Another great accommodation option we discovered while at Point Wolfe was the Oasis.  This bright blue, teardrop shaped structure encompassed a pullout double bed, a table and two chairs, and a slept hammock. The tiny space was incredibly cool.  We since learned it is part of a series of creative structures Parks Canada has deployed as alternatives to camping in National Parks across Canada.


The heavy rain continued throughout the morning, so we stayed in our lovely dry, warm, shelter as long as we could. By 11 AM things started to look up a little, so we set out on our short trek to Point Wolfe Campground. It was very wet, but thankfully quite a bit warmer than yesterday - around 17°C.
 
 
 
 
 
 

From the campground we headed south, first on the White Tail trail, and then on the Tippen North Trail. These two pathways are part of the multi-use network set up in the Chignecto Recreation Area, so there were a lot of twists, turns, ups, and downs to make them interesting for bicyclists. It was a beautiful walk, with the rain setting the coniferous forest aglow. The bright yellow foliage of the yellow birches and alders was set off by the emerald green moss below, and the bright red of the occasional sugar maple.



It was about a 10 km hike to Point Wolfe Campground, and when we descended out of the woods onto the road we found ourselves at the red-sided, covered, Point Wolfe Bridge. This bridge spans a wide, flat, gravel bottomed river, which according to the interpretive signs was once used by loggers for log driving, and is now being restocked with salmon. It seems that in the last few decades the salmon population in the bay has decreased from 450,000 to just 250 fish for largely unknown reasons.

 
 
 

From the bridge we climbed up into the Point Wolfe campground and checked in.

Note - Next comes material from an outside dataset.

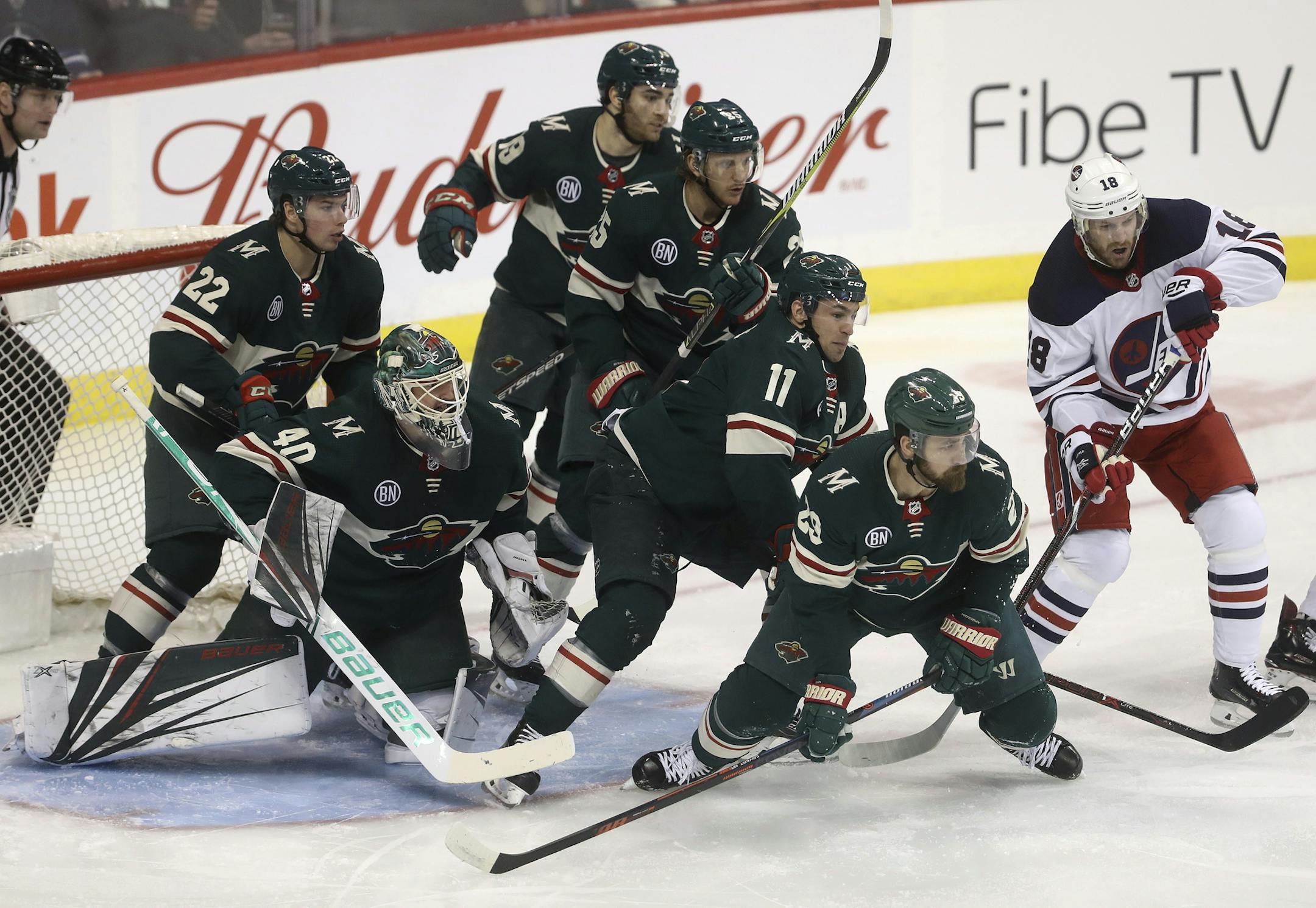 Minnesota Wild's Kevin Fiala (22), goaltender Devan Dubnyk (40), Luke Kunin (19), Jonas Brodin (25), Zach Parise (11) and Greg Pateryn (29) gather in front of the net as Winnipeg Jets' Bryan Little (18) looks for the puck during the first period of an NHL hockey game Tuesday, Feb. 26, 2019, in Winnipeg, Manitoba. (Trevor Hagan/The Canadian Press via AP)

The weather report has changed over the course of the day, and there is now fair weather predicted for tomorrow. With the help of the fantastic lady at the campground entrance we managed to shift our reservations for tomorrow to begin the Fundy Footpath a day early, and to sort out our registration to reflect this. We also had a good long chat about our hike, birds, what is important in life, family, and life in general.

 

In the afternoon we hiked the Shiphaven Trail along the coast of the Bay of Fundy, and the Point Wolfe Beach Trail down to the tidal estuary. It was very beautiful walking in the bay with the tide out, looking up at the towering hills and cliffs on each side of us. At the mouth of the inlet large waves were crashing into the shore, and there was a stiff wind blowing up the valley, giving the place a wild, rugged, feeling.

 

As we watched a Bald Eagle soared high above, getting buffeted by the wind. Suddenly a Peregrine Falcon came swooping over the ridge, straight at the eagle! The eagle rolled in mid-air, showing its bright yellow, outstretched talons to the falcon. For the next few minutes the two birds swooped and dove in a high speed aerial battle. It was very exciting!

 

We spent the evening sheltering from the wind and rain in the tent and the communal kitchen, making dinner and reading about the coming attractions on the Fundy Footpath. We have talked to a lot of people about the Fundy Footpath, and it is hard not to be nervous of what lies ahead. One thing we have learned from this hike is that fear of the unknown is usually far worse than the thing you have been led to fear. It is generally best to summon the courage to take that first step, and to go see for yourself. As the storm continues to rage outside, we plan to set off in the morning.